**What to produce:** Give again, word for word, the lines below that run from the line with "Grunge tile set" through the line with "The guest bedroom/den". Drop the pictures.

**Data:**
= = = = =

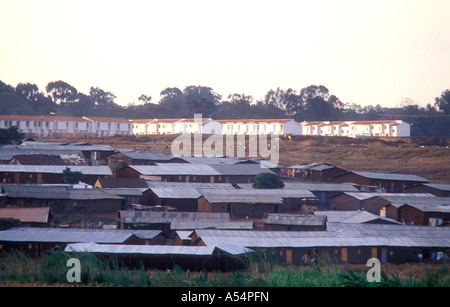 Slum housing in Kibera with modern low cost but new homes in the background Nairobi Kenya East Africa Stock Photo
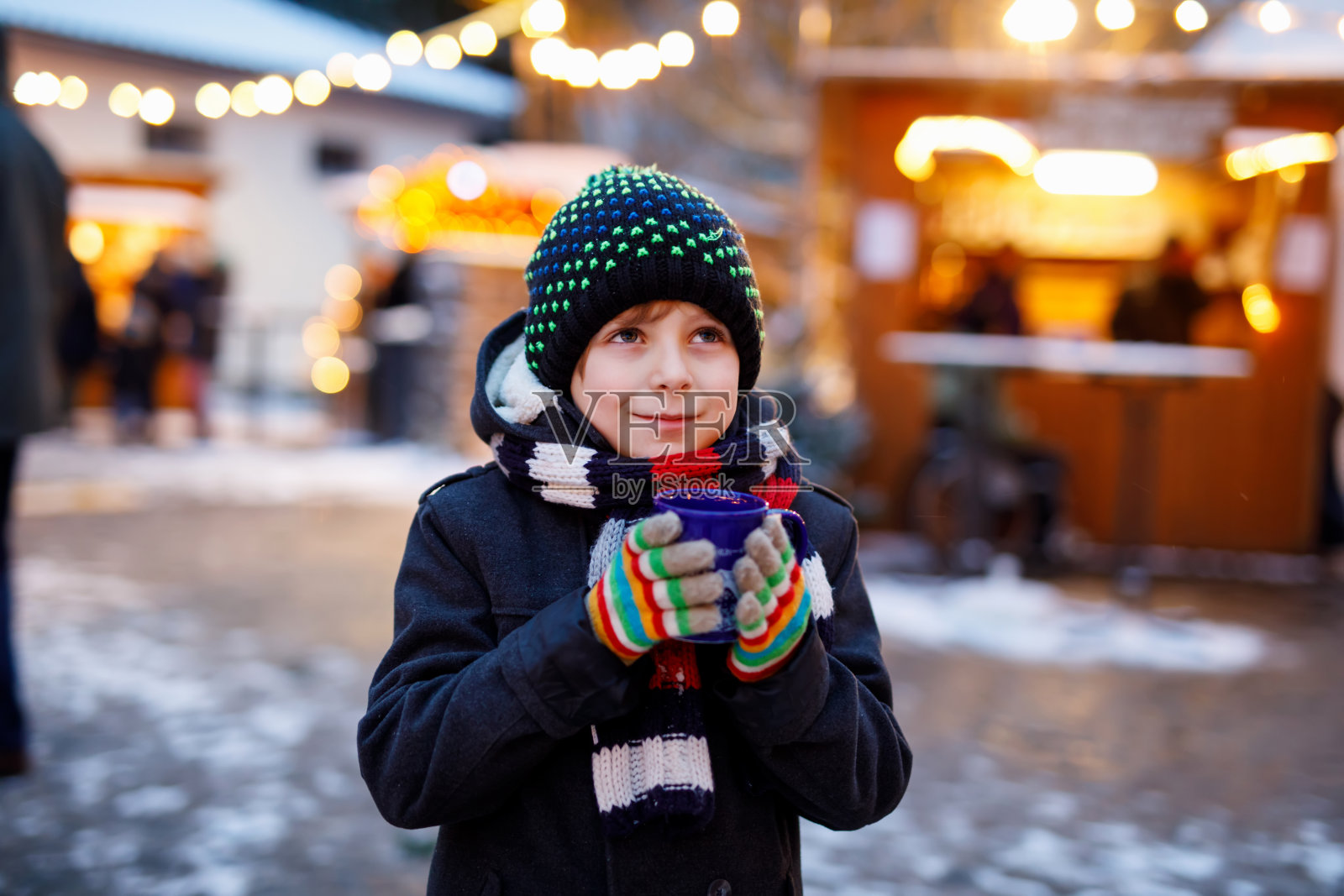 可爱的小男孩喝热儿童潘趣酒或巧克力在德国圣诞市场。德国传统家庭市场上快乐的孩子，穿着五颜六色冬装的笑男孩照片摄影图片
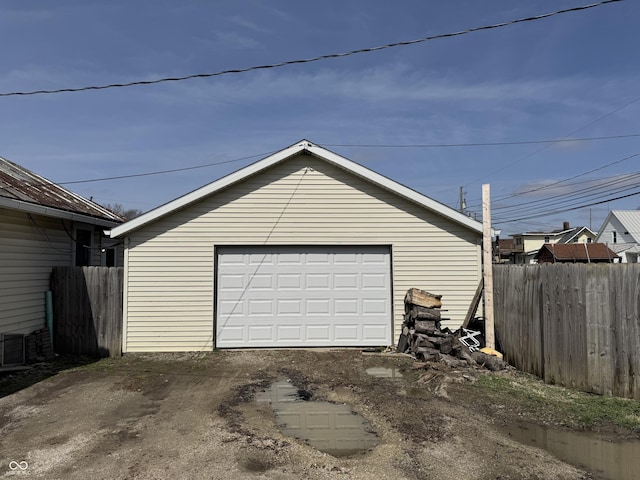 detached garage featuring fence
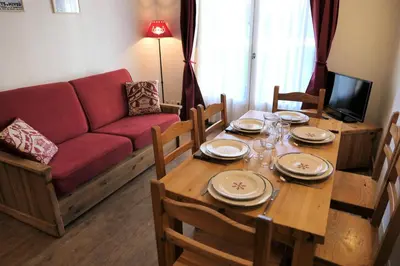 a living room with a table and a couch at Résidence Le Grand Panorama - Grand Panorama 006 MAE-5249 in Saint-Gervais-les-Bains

= = = = =

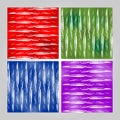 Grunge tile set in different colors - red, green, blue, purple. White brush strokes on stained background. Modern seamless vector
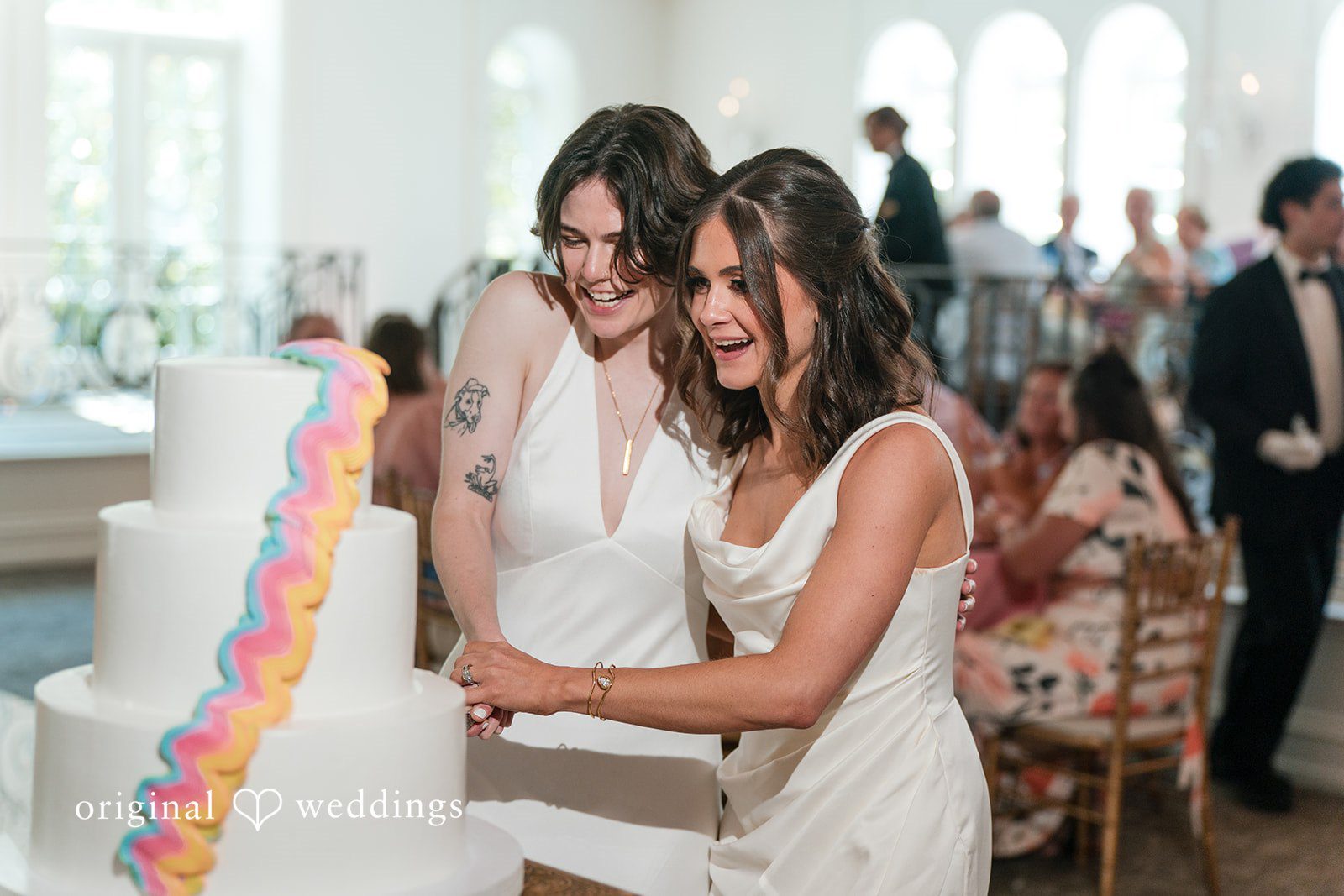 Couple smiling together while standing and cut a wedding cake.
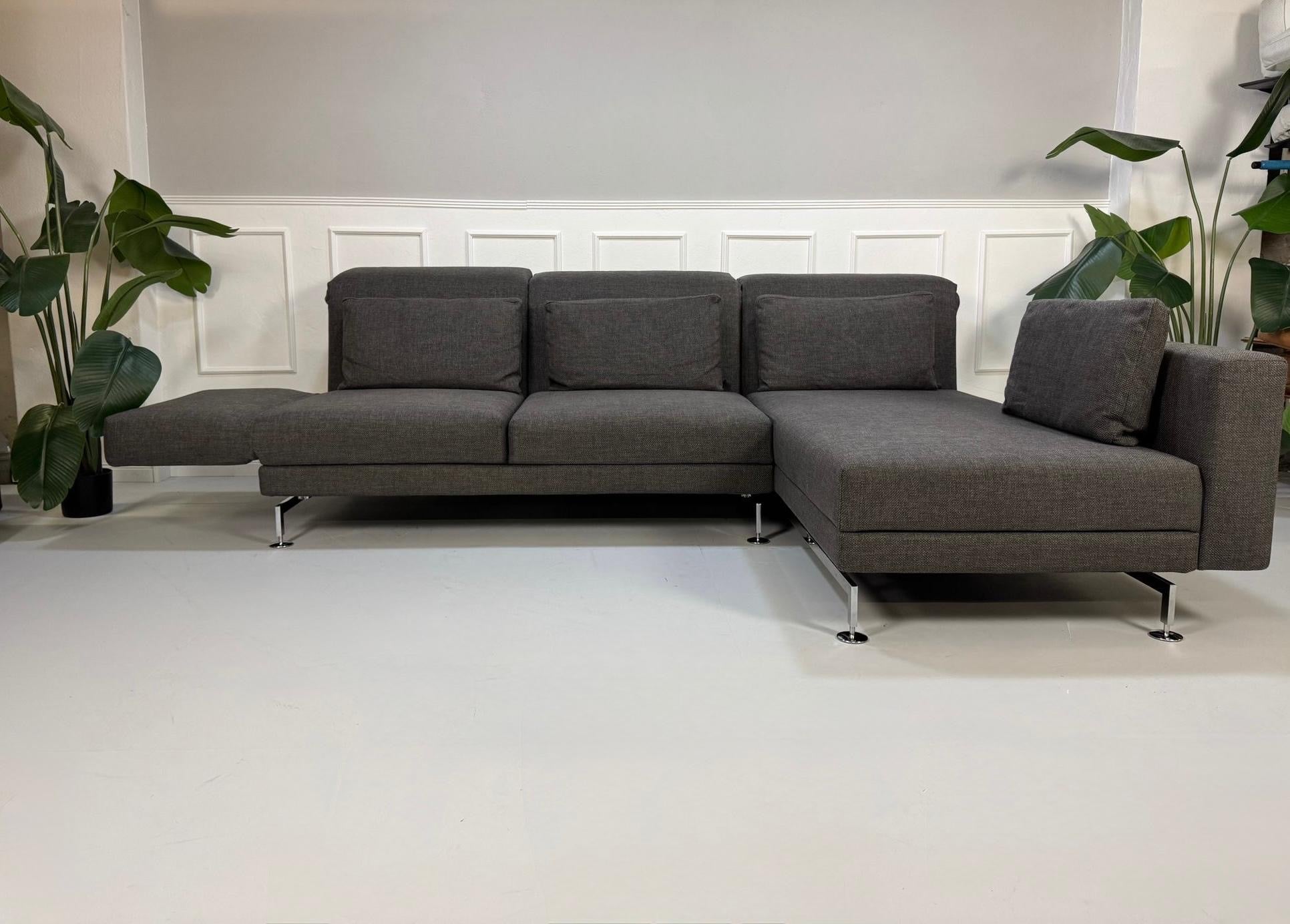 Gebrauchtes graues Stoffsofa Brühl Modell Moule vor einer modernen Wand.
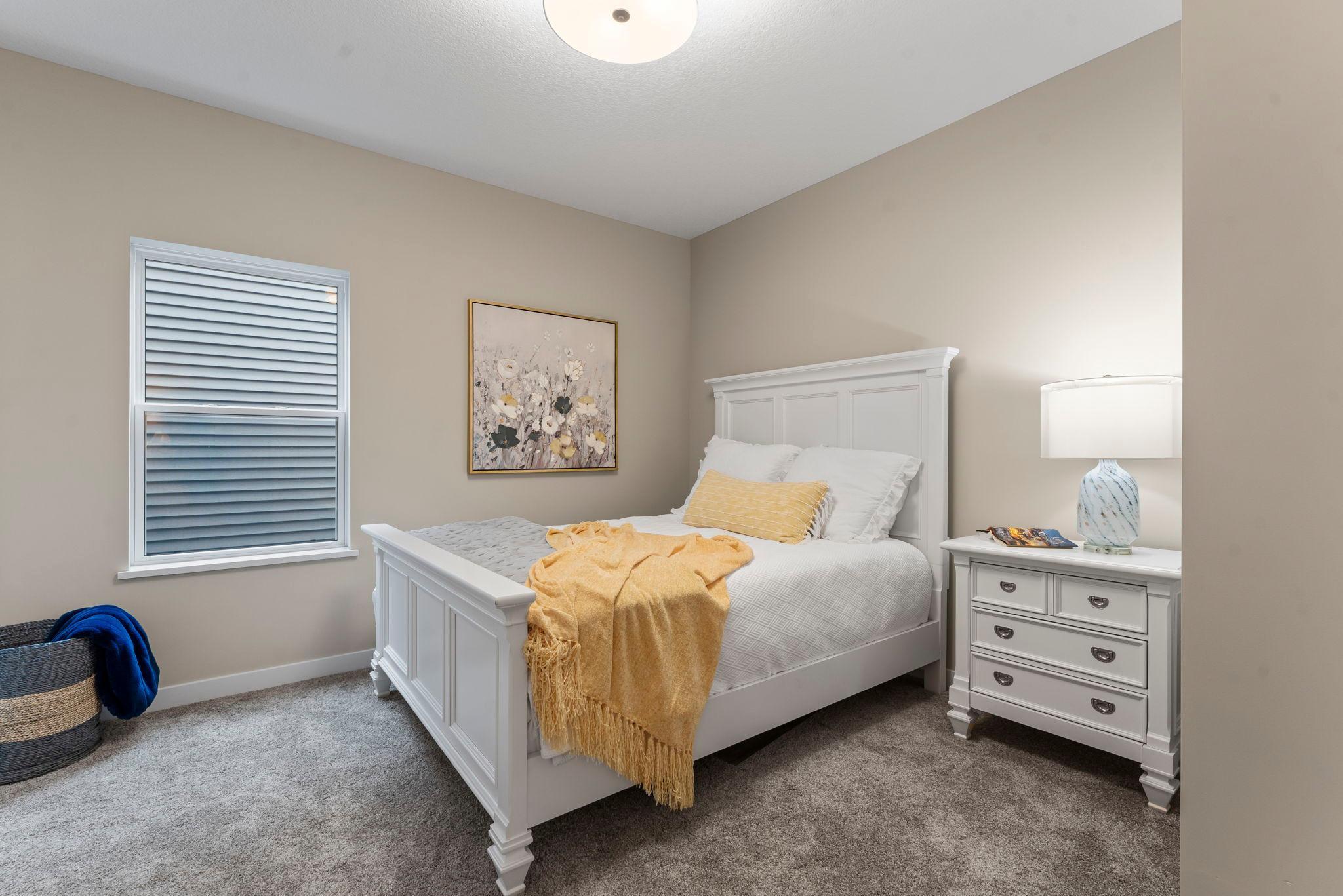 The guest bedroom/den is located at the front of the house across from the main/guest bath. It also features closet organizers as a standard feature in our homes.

= = = = =

**Answer area:**
 Grunge tile set in different colors - red, green, blue, purple. White brush strokes on stained background. Modern seamless vector
 Couple smiling together while standing and cut a wedding cake.
 Gebrauchtes graues Stoffsofa Brühl Modell Moule vor einer modernen Wand.
 The guest bedroom/den is located at the front of the house across from the main/guest bath. It also features closet organizers as a standard feature in our homes.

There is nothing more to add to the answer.